The Estimate Board was declared unconstitutional by the US Supreme Court in  1989 and forced to cede most of its authority to the Council. Why must the Big Apple’s entire streetscape be hostage to rules set down by a long-defunct, discredited governmental body?

The laws don’t require sidewalk bridges for inspections. But the DOB requires them while any “construction” or “repairs” are in progress after inspections find “hazardous” conditions.

The problem is that almost every inspected building of brick, masonry or terra cotta soon falls under “repairs” — and under a sidewalk bridge.

The cruelest stroke is that all buildings more than 100 feet tall must extend bridges 20 feet in each direction beyond the property. This creates nightmares for neighbors who aren’t even party to the work.

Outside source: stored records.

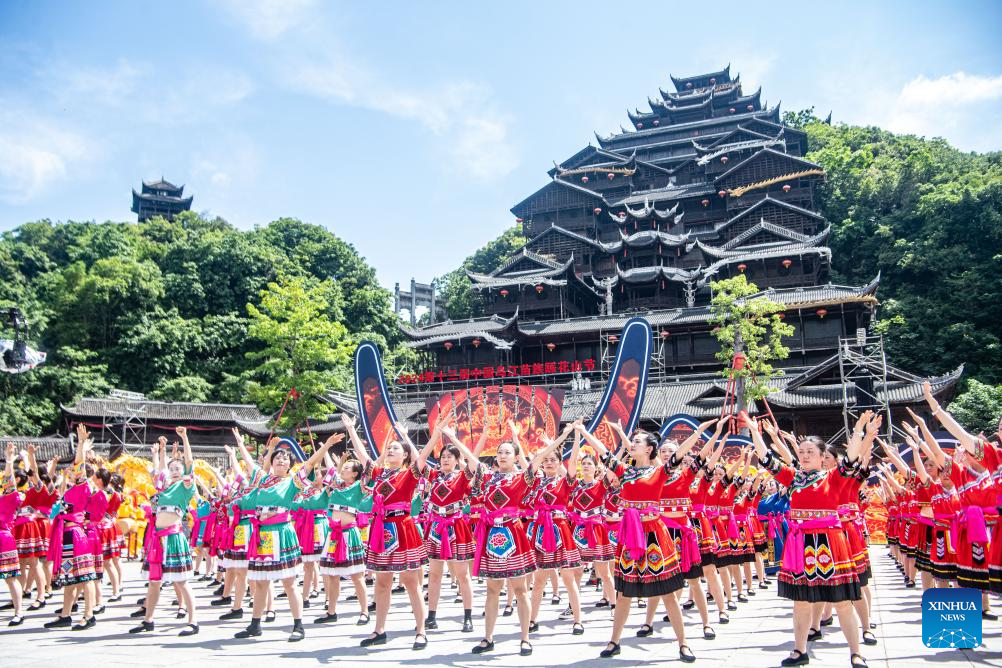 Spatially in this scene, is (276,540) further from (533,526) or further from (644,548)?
(644,548)

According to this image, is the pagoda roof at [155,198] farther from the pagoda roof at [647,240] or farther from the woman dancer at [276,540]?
the woman dancer at [276,540]

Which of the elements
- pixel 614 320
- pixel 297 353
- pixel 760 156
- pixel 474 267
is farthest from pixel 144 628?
pixel 474 267

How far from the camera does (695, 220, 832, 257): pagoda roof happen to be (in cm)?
4056

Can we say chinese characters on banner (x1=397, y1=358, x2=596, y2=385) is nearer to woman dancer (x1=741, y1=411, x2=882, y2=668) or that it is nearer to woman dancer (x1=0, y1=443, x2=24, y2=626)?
woman dancer (x1=0, y1=443, x2=24, y2=626)

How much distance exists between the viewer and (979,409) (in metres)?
27.3

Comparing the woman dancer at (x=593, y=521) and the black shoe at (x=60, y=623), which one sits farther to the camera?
the woman dancer at (x=593, y=521)

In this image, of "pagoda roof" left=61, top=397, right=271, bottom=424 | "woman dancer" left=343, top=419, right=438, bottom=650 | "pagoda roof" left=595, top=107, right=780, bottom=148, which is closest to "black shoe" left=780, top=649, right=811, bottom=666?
"woman dancer" left=343, top=419, right=438, bottom=650

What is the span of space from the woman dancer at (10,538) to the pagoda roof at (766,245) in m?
37.9

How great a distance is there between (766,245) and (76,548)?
40.1 m

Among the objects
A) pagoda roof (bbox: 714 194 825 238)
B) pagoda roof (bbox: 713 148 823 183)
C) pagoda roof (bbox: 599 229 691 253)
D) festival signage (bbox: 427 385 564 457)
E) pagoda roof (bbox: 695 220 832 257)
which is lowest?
festival signage (bbox: 427 385 564 457)

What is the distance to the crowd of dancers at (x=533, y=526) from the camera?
6.08 meters

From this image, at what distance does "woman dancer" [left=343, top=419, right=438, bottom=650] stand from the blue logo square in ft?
13.9

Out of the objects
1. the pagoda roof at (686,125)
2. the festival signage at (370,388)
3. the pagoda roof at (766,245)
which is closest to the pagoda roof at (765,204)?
the pagoda roof at (766,245)

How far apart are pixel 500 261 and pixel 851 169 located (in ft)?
83.1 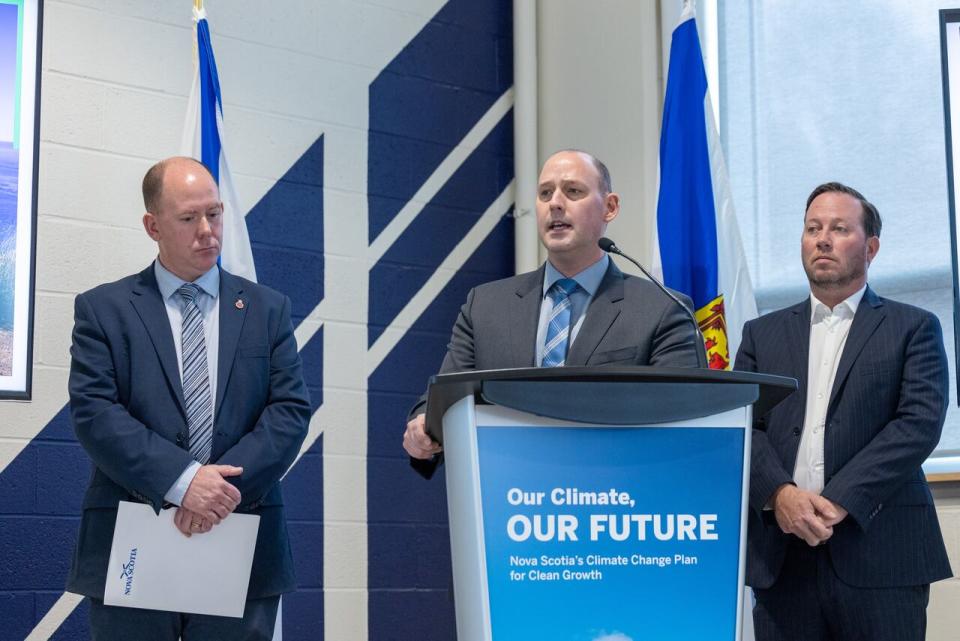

Mayor Adams previously vowed to promote economic growth. Matthew McDermott for NY Post

The  frustrated owner of a townhouse at 114 E. 62nd Street fruitlessly sued  the adjacent co-op  at 555  Park Ave., claiming its shed extension, which covered part of the townhouse windows, made it impossible to rent out apartments there.

The laws must be scrapped and rewritten to  include at least three bold  strokes.

First: dump the only-in-New York, iron-clad schedule that requires inspections and “repairs” every five years irrespective of how old buildings are or what  materials they’re made from.

The one-size-screws-all rule ignores common-sense lessons of other cities which have different requirements for different types of buildings depending on their  ages and materials.

For example, Chicago has four classes; those in the safest class need be inspected only every twelve years. Why can’t New York?

Number two: forbid rows of consecutive sheds when several buildings on a block are under repair at  the same time — as on the east side of Park Avenue between East 61st and 62nd streets and many other sidewalks buried under  endless, dark pedestrian tunnels.

There should be punishment for landlords who let sheds stand indefinitely. Stefan Jeremiah for NY Post

Yes, allowing only one shed on the same side of a block at one time would mean postponing work on a second  building until the first job is finished.

But the world won’t end.  And delays won’t be long if the city kicks landlords’ butts to finish repair work promptly.

That means severely punishing landlords who let sheds stand indefinitely, rather than perform repairs. Current  fines of $1,000 a month for leaving a shed up while no work is being done are peanuts compared to actual repair cost which can be up to $300,000.

City Council Member Ben Kallos launched a bill in 2016 that would have required landlords to finish repairs within six months — or make them pay the city to finish the job. It  never came to a vote.

But even if the fines were multiplied by ten, the  DOB is too under-staffed and under-funded to enforce them.

Mayor Adams vowed that to promote economic growth, he would tackle “dysfunction and contradictions in zoning and regulations.”

Getting rid of Local Laws 10 and 11 would be a great place to start.